If once is chancetwice is a coincidence, and three times is a trend, there’s now a clear trend pointing to robust Telephone Consumer Protection Act (“TCPA”) enforcement under the Pai Federal Communications Commission (“FCC” or “Commission”). That’s especially true for callers or calling platforms that spoof caller ID information when making robocalls.

Earlier this month, the Commission issued a Notice of Apparent Liability (“NAL”) proposing a penalty of $82,106,000 to Philip Roesel personally and his company, Best Insurance Contracts, Inc. The NAL stems from Roesel’s use of altered caller ID information (“spoofing”) to make insurance sales calls and develop insurance sales leads for other sales people. The NAL suggests that Roesel made over 21 million robocalls using spoofed caller ID information, but it bases the forfeiture on “just” the 82,106 calls the FCC’s Enforcement Bureau confirmed had spoofed caller ID information. The Commission then applied the base forfeiture of $1,000 per call to arrive at its final proposed forfeiture. The Commission can impose a forfeiture of up to $11,052 per spoofing violation.

This NAL also continues the Commission shift toward considering caller ID spoofing presumptively deceptive. As we noted in June, when the Commission imposed a $120 million proposed forfeiture on another individual, the Commission is taking an increasingly hostile approach to robocallers that spoof caller ID information. In the June NAL, the caller, Adrian Abramovich, was making fraudulent calls in furtherance of an international timeshare sales scam. Therefore, his conduct more clearly fit within the statute’s prohibition on spoofing caller ID information with the intent to “defraud, cause harm, or wrongfully obtain anything of value.”

However, Roesel sells legitimate insurance policies.
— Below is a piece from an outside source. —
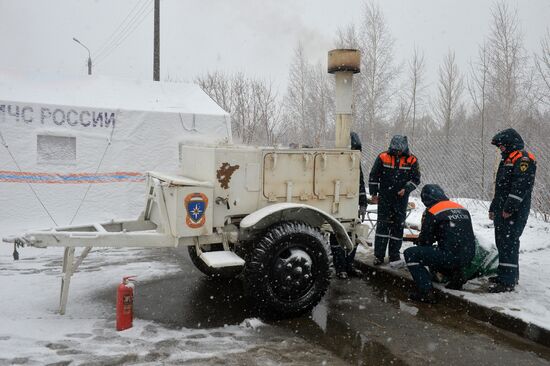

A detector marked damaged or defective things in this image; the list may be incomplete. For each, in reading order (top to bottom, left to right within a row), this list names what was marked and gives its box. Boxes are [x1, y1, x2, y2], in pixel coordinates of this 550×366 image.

rusty stain on panel [217, 164, 240, 190]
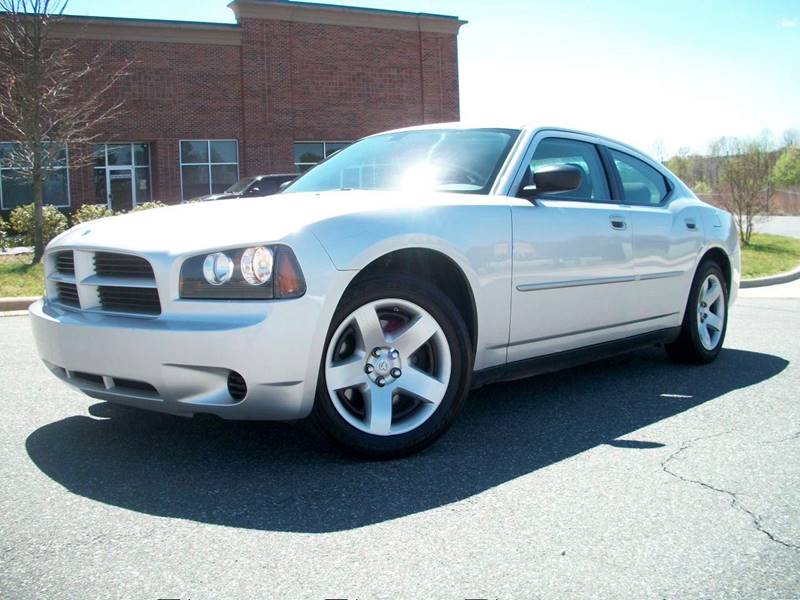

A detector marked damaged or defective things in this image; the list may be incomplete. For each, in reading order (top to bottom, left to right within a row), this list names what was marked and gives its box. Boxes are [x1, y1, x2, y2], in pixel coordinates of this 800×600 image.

crack in asphalt [664, 432, 800, 552]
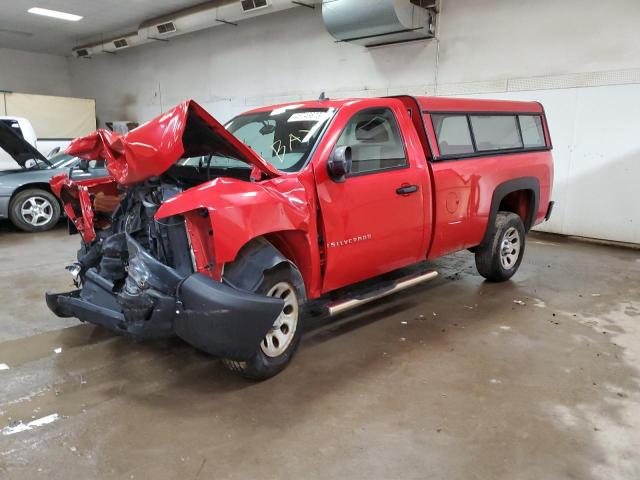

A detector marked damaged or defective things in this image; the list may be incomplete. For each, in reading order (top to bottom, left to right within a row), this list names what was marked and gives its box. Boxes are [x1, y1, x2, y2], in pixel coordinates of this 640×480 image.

Nonetheless, the Commission found that his use of spoofed caller ID information was intended to cause harm and wrongfully obtain something of value. The Commission concluded that Roesel intended to spoof caller ID information when making his calls “to perpetuate an illegal robocalling campaign,” and because illegal robocalls are harmful according to the Commission, Roesel’s caller ID spoofing was done with the intent to cause harm.

The Commission also found that Roesel wrongfully obtained something of value by using spoofed caller ID information. By making it difficult for called parties, the FCC, or other law enforcement agencies to determine who was making the robocalls, Roesel attempted to avoid FCC forfeiture penalties for TCPA violations, Federal Trade Commission civil penalties for violations of the do-not-call registry, and/or private lawsuits brought by the individuals Roesel called. This avoidance of consequences constituted something of value according to the FCC, and Roesel intended to wrongfully obtain protection from those consequences by using caller ID spoofing to hide his identity.

This reasoning by the Commission effectively renders every illegal robocall made with spoofed caller ID information a double violation, once for the robocall violation and once for the caller ID spoofing violation. The Commission reinforces that interpretation by issuing a citation to Roesel on the same day for the illegal robocalls he and his company made. Therefore, if Roesel continues making robocalls without the consent of the people he calls, he could face additional forfeiture proceedings for those violations as well.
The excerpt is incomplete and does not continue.